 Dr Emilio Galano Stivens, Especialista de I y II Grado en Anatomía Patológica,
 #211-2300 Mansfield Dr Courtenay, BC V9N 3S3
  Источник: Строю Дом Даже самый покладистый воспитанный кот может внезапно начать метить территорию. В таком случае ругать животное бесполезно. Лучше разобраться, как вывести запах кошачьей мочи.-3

---

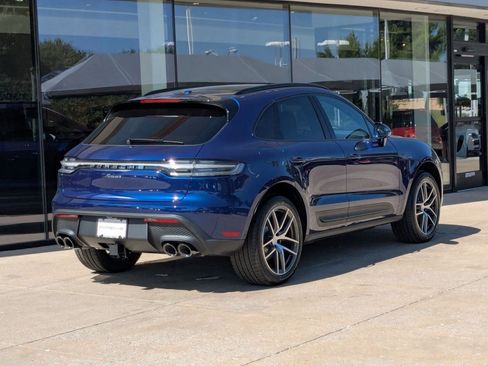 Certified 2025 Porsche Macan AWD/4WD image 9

DIRECTIONS: Beginning with the line containing "Dr Emilio Galano" and ending with the line containing "Источник: Строю Дом", extract those lines exactly from the listing above, and only those.

TASK OUTPUT:
 Dr Emilio Galano Stivens, Especialista de I y II Grado en Anatomía Patológica,
 #211-2300 Mansfield Dr Courtenay, BC V9N 3S3
  Источник: Строю Дом Даже самый покладистый воспитанный кот может внезапно начать метить территорию. В таком случае ругать животное бесполезно. Лучше разобраться, как вывести запах кошачьей мочи.-3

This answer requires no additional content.